Sir David Samworth formed Samworth Brothers in the 1970s with his brother John from the acquisitions of Ginsters and Walker & Son

Samworth Brothers has paid tribute to its life president Sir David Samworth, who died following a short illness, aged 87.

The group said Sir David helped shape the modern food industry over “a long and successful business career”, as well as giving “distinguished service” in many other roles.

Sir David stepped down as Samworth Brothers CEO in 1999 and relinquished his role as chairman in 2005, becoming a life president of the business.

Current group chairman Mark Samworth said the death of his father represented “a significant moment” for the business, which Sir David created with support from his late brother John in the 1970s.

Group turnover had grown to £200m in 1999 when Sir David stepped aside from running the business – with revenues today standing at £1.4bn and the company owning brands such as Ginsters, Soreen, West Cornwall Pasty Co and Urban Eat.

“It was the vision, drive and values of the two brothers that laid down the strong foundations of our business and which drove such outstanding success,” Samworth added.

“Whether in his early days growing the original Samworth family business or later building Samworth Brothers, a strong set of values always permeated David’s business life. He placed great importance on people as the cornerstone of any successful organisation and always sought to create a working environment that reflected this ethos.
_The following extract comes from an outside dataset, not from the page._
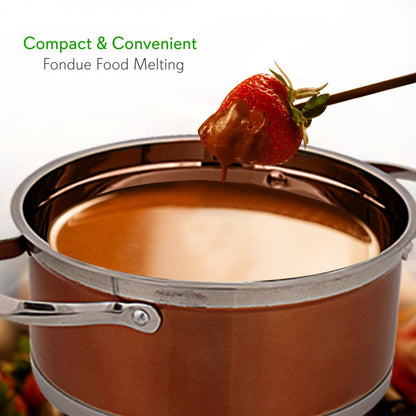 Electric Fondue Maker 1000W Nonstick Stainless Steel Pot w/Forks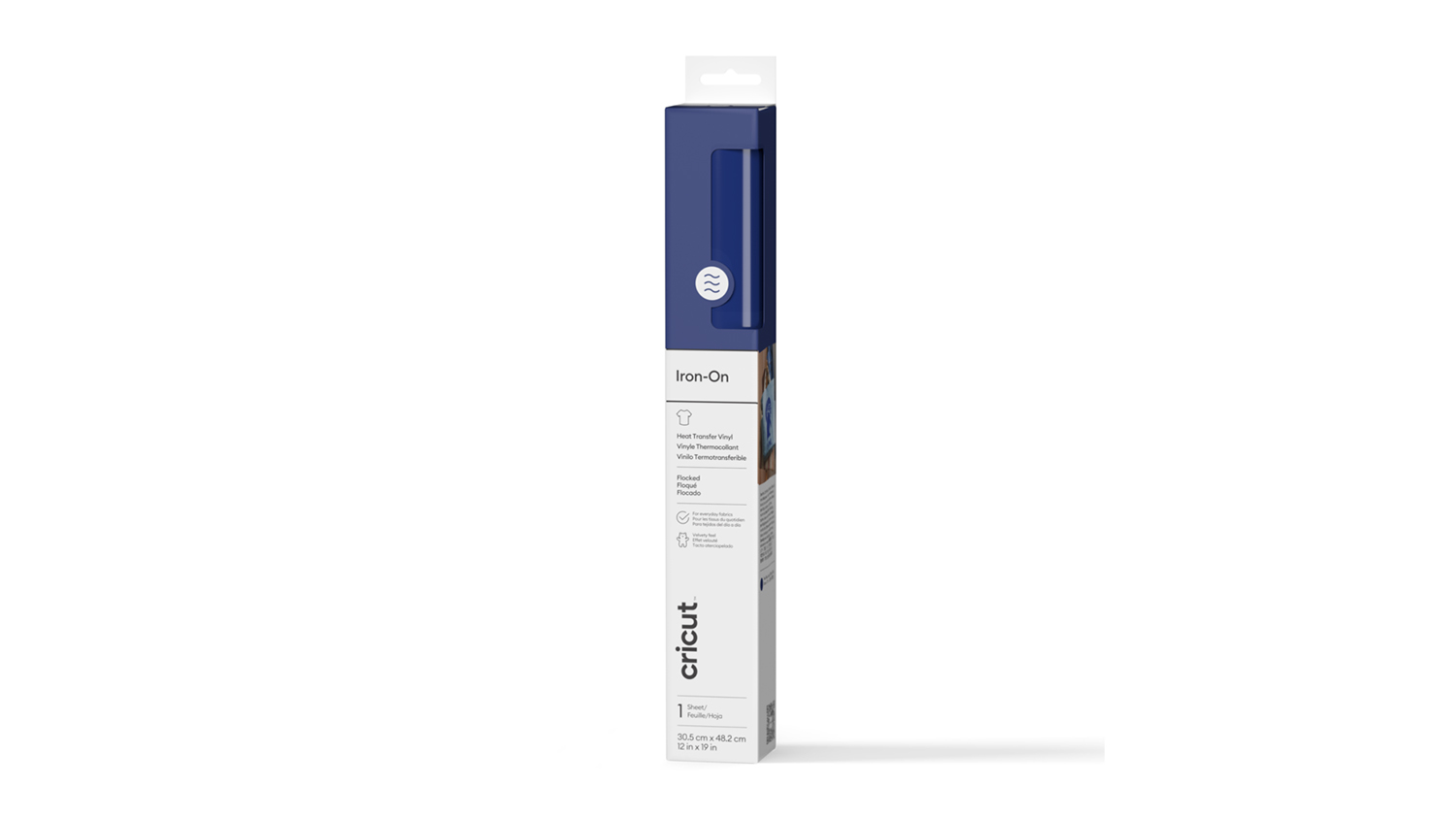 A Cricut Flocked Iron-On vinyl roll in white and blue packaging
“He also believed quality had to be at the heart of any business, whether that was quality of facilities, the product, customer service or our relationship with suppliers. He was enormously proud of the business and the achievements of everyone in Samworth Brothers.”

Born in Birmingham in 1935, Sir David was destined to join the family pig dealing business, started by his grandfather George Samworth in the late 1890s and developed further by his father Frank.

Sir David’s first job in the business came in 1956, following a period of national service joining the Royal Leicestershire Regiment and serving in Africa.

Known as TN Parr, the business grew steadily thanks to a number of acquisitions, with David taking over from his father as managing director.

In 1969, TN Parr doubled in size thanks to a deal to buy Pork Farms, a well-known competitor of the group. Pork Farms was subsequently floated in 1971 before being sold to Northern Foods in 1978.

Soon afterwards, David and his brother John set about creating a new independent food business, which came to be known as Samworth Brothers.

John had purchased an interest in a small pasty company in Cornwall called Ginsters in 1977, and in 1986 this acquisition was joined by Leicester business Walker & Son. The two businesses formed the foundations of the Samworth Brothers group.

Sir David also played an active role in the wider food sector through his career. He served as chairman of the Meat and Livestock Commission from 1980 to 1984, receiving a CBE for his work.

He was a council member of Food of Britain and a non-executive, and later executive director, of Imperial Group from 1982 to 1984 and a non-exec of Thorntons Ltd from 1991 to 1993.

Beyond the business world, David and his wife Rosemary set up the Samworth Foundation in 1978 in a desire to give back to their local community and to support other international causes, particularly in Africa.

Sir David also served on the Trent Regional Health Authority and as deputy lieutenant and high sheriff of Leicestershire.

He was knighted in 2009 for his services to charity.

Sir David married wife Rosemary in 1969 and had four children, three daughters and a son, and seven grandchildren.

Details of the thanksgiving service would be circulated in due course, Samworth Brothers said.